Top of PROVIDED MATERIAL

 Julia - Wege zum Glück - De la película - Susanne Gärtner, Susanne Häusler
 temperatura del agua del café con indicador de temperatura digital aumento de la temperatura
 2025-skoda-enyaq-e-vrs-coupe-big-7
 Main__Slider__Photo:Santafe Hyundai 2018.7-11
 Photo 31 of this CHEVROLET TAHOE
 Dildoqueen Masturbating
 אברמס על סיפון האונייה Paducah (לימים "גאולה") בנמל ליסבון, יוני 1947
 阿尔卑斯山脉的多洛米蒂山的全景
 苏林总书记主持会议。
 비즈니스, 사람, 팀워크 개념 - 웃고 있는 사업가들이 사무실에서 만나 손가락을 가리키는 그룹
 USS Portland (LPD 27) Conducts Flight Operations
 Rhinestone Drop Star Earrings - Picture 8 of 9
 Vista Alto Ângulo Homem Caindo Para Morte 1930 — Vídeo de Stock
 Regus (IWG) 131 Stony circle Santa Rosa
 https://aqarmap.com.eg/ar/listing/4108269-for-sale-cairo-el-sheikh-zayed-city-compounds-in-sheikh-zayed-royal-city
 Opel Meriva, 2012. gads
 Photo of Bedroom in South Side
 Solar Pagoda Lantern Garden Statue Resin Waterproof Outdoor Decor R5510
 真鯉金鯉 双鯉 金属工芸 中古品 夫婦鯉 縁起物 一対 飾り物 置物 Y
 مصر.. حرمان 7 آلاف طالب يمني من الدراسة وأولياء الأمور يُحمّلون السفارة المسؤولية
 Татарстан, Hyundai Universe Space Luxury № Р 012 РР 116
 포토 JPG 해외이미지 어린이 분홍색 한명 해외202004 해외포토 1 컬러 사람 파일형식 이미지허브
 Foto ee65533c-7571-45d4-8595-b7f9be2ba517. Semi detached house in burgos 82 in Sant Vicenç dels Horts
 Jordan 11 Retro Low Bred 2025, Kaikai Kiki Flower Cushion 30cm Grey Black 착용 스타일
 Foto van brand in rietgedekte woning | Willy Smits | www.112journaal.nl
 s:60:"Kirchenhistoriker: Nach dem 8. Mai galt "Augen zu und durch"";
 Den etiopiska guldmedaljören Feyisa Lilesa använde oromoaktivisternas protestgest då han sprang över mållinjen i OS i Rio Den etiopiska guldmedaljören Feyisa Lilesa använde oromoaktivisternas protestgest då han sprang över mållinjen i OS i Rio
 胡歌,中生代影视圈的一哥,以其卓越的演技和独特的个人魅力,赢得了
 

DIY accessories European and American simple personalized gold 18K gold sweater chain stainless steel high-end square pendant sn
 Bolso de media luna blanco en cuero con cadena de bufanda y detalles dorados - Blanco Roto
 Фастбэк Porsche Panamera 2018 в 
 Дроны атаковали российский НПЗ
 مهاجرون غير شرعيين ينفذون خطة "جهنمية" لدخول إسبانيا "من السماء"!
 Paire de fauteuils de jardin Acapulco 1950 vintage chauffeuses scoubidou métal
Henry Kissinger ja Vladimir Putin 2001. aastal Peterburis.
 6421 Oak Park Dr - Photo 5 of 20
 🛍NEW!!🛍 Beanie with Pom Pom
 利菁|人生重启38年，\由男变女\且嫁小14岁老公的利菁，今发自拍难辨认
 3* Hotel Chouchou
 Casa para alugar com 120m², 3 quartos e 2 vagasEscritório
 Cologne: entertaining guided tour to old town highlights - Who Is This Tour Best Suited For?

Bottom of PROVIDED MATERIAL

> _YOUR ASSIGNMENT_
Please return every line of the material above that includes "Foto".

> _TASK SOLUTION_
 Foto ee65533c-7571-45d4-8595-b7f9be2ba517. Semi detached house in burgos 82 in Sant Vicenç dels Horts
 Foto van brand in rietgedekte woning | Willy Smits | www.112journaal.nl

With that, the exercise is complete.